M. J. Nurenberger

M. J. Nurenberger

Meyer Joshua Nurenberger (1911 – August 11, 2001) was a Jewish journalist, author and publisher.

M.J. Nurenberger was born in Kraków but was raised in France and educated in Belgium where he began his career in journalism as a parliamentary report. He emigrated to the United States in February 1939, months before the outbreak of World War II. He was able to rescue his parents and 3 sisters from Europe before the war. They spent the war in England and Cuba and came to New York in 1945.

While in New York City he was ordained a rabbi but decided to continue his career in journalism. He found a job with the conservative Morgen Journal (Jewish Morning Journal), a Yiddish daily published in New York, becoming its editor in 1947 and also wrote a column for the influential Yiddish weekly Algemeiner Journal.
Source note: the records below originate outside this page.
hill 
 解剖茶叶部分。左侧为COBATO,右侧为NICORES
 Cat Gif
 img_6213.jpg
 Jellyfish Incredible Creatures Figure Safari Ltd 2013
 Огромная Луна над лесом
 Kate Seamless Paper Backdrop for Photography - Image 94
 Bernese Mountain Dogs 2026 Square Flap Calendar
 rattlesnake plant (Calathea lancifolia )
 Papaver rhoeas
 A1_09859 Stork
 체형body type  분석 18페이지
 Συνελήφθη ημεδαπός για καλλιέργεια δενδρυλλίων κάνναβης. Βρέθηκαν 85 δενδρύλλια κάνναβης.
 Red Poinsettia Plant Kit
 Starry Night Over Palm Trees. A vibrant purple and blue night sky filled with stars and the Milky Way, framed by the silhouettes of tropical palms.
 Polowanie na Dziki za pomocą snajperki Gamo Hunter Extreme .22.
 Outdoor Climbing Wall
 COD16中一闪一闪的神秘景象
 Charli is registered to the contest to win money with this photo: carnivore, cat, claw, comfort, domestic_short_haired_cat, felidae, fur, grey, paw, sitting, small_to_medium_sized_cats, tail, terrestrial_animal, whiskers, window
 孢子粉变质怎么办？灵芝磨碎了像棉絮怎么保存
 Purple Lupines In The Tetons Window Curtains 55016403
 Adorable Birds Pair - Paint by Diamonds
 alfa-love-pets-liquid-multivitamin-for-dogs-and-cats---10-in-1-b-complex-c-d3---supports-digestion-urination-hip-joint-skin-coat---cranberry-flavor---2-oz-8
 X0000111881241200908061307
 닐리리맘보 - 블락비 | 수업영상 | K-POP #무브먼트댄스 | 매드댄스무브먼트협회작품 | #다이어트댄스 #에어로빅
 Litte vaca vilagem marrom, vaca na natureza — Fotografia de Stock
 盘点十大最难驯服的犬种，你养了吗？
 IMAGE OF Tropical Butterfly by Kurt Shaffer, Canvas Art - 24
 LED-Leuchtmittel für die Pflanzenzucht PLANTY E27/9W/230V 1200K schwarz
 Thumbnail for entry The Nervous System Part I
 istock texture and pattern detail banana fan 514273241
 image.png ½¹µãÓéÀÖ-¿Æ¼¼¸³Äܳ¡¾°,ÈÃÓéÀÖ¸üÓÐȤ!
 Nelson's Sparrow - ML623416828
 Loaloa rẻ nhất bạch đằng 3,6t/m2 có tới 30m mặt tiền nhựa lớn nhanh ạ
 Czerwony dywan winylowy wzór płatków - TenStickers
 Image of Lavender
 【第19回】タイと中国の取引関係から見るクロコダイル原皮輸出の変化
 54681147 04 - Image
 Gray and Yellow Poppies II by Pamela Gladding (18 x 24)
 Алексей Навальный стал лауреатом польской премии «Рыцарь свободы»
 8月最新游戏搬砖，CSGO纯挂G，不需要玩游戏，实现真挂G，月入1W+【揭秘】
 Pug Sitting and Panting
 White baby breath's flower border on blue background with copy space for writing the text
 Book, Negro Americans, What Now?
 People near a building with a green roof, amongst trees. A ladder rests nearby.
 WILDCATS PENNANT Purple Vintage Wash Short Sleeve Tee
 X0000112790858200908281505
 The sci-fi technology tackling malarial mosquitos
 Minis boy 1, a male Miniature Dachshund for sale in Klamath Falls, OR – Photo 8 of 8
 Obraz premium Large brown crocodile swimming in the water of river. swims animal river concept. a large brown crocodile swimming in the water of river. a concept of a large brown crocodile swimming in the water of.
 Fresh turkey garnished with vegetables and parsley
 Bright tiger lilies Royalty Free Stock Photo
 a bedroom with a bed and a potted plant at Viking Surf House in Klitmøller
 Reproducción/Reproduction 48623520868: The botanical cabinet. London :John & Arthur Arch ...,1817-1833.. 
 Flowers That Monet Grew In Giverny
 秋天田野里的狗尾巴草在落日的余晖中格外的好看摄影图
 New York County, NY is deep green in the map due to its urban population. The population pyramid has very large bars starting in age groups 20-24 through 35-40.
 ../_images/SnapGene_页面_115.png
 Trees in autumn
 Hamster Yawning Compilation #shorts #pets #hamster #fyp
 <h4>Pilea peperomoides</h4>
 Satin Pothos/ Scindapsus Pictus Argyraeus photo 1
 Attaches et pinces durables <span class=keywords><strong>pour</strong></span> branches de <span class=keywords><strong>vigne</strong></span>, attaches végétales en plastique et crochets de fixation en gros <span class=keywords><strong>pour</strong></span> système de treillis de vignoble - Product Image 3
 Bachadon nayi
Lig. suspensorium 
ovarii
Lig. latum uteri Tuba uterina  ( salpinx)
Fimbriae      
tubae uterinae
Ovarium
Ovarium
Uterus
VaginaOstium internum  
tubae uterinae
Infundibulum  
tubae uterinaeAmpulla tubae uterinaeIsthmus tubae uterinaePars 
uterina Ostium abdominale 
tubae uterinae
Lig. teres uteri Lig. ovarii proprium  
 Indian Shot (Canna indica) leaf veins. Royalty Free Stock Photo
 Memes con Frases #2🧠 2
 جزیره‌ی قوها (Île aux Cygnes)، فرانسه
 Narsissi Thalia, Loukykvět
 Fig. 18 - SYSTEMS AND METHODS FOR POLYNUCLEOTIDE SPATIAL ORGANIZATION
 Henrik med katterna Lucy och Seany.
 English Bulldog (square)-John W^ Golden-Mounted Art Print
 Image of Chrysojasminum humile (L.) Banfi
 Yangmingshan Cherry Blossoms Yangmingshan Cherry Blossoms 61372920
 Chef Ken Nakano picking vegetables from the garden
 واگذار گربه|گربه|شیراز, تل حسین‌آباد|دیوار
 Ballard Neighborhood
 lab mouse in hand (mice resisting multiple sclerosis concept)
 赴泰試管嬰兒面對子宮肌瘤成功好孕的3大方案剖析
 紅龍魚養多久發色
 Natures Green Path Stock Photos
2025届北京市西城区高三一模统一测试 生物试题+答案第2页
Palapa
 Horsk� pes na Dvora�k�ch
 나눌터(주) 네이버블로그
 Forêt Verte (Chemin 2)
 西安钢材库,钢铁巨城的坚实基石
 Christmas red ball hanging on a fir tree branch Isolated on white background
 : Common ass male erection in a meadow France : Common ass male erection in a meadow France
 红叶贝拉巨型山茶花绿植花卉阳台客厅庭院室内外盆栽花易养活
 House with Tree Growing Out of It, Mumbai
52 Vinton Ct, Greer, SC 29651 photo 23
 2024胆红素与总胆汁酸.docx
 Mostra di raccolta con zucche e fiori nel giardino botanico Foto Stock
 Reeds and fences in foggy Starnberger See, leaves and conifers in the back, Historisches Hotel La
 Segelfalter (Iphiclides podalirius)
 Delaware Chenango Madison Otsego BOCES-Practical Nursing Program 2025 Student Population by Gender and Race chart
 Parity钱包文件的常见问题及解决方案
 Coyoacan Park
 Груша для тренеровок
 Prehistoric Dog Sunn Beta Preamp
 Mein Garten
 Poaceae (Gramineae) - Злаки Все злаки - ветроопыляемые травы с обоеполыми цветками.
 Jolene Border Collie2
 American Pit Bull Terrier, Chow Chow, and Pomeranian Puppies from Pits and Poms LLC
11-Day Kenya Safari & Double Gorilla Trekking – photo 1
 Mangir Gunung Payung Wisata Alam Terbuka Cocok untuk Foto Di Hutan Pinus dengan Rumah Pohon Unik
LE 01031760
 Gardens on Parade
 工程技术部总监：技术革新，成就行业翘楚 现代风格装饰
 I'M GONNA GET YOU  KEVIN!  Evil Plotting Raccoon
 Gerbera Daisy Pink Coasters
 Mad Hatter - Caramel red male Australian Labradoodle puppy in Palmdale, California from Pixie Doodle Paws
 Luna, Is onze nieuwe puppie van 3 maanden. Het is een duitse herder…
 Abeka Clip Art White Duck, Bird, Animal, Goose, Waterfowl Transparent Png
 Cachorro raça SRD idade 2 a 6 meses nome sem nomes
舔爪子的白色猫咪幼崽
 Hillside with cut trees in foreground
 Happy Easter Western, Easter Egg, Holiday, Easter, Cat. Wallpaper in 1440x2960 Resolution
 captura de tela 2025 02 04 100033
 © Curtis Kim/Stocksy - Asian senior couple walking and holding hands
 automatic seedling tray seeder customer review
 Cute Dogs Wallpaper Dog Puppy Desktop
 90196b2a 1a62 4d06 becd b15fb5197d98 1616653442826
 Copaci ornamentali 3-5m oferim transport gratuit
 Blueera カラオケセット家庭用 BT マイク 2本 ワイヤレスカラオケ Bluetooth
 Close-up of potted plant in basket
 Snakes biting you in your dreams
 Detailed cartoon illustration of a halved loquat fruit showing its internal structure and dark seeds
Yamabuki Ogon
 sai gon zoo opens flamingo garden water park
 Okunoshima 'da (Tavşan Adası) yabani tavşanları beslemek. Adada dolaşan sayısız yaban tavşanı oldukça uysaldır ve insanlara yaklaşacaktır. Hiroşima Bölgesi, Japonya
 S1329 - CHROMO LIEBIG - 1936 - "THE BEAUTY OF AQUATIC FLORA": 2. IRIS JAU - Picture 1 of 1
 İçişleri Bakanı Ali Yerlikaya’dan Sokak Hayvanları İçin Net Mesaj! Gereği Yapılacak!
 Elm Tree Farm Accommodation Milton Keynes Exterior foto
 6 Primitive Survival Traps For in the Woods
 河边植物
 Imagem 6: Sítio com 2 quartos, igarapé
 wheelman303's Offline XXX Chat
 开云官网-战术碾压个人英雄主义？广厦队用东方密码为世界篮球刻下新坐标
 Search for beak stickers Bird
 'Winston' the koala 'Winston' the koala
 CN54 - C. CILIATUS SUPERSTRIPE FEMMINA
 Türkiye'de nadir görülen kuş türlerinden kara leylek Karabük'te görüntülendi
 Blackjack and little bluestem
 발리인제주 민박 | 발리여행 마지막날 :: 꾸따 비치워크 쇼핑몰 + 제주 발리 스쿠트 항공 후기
During World War II, Nurenberger was a war correspondent whose despatches were carried by the Jewish press throughout the world. Following the war he covered the Nuremberg Trials and later also covered the trial of Adolf Eichmann in Israel.

In 1957, Nurenberger moved to Toronto, Canada, to become editor of the Yiddish weekly, Der Yiddishe Journal. Three years later, he and his wife Dorothy Cohn Nurenberger founded the Canadian Jewish News, an English-language weekly which became the leading newspaper of Canada's Jewish community. Following the death of his wife in 1971, Nurenberger sold the newspaper to a consortium of Jewish leaders connected with the Canadian Jewish Congress.

Nurenberger was a Revisionist Zionist, having become involved with the Irgun in the 1940s. He was later a supporter of Herut and a friend of its leader, Menachem Begin, and supported Begin and his movement editorially. He also advised Progressive Conservative Party leader John Diefenbaker on Jewish issues. He soon regretted his decision to sell the CJN as the newspaper's editorial stance moved to the political centre and, in 1974, he founded the Jewish Times as a right wing rival and published it for more than a decade.

He is the author of The Scared and the Doomed - The Jewish Establishment vs. The Six Million (ISBN 0-88962-289-2), published in 1985, which castigates Labour Zionist and American Jewish leaders for opposing Vladimir Jabotinsky's proposal that a Jewish army be mobilised and sent to Europe during World War II, and argues that European Jewry could have been saved.